• _Description of the task_:
What you write must match, character for character, the lines from the one with "Pink Abstract Patterned" down to the one with "Thyroid Specific Formulations" in the listing below, minus its pictures.

• _Data extract_:
* * *
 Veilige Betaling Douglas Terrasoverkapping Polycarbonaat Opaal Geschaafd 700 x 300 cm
* * *
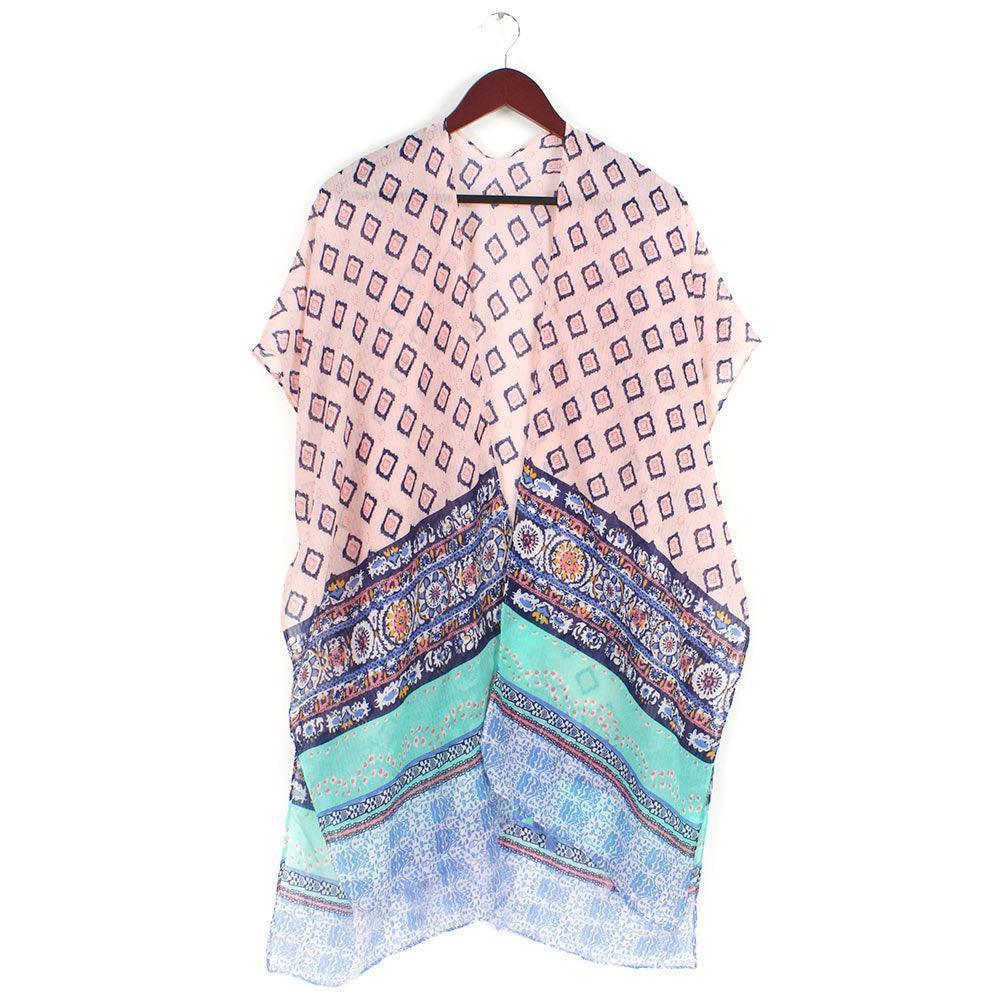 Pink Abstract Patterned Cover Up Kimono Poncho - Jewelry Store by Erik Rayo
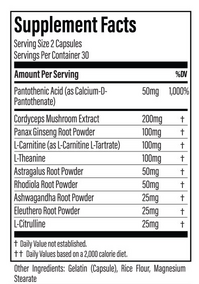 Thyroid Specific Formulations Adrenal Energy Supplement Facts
* * *
• _Exercise response_:
 Pink Abstract Patterned Cover Up Kimono Poncho - Jewelry Store by Erik Rayo
 Thyroid Specific Formulations Adrenal Energy Supplement Facts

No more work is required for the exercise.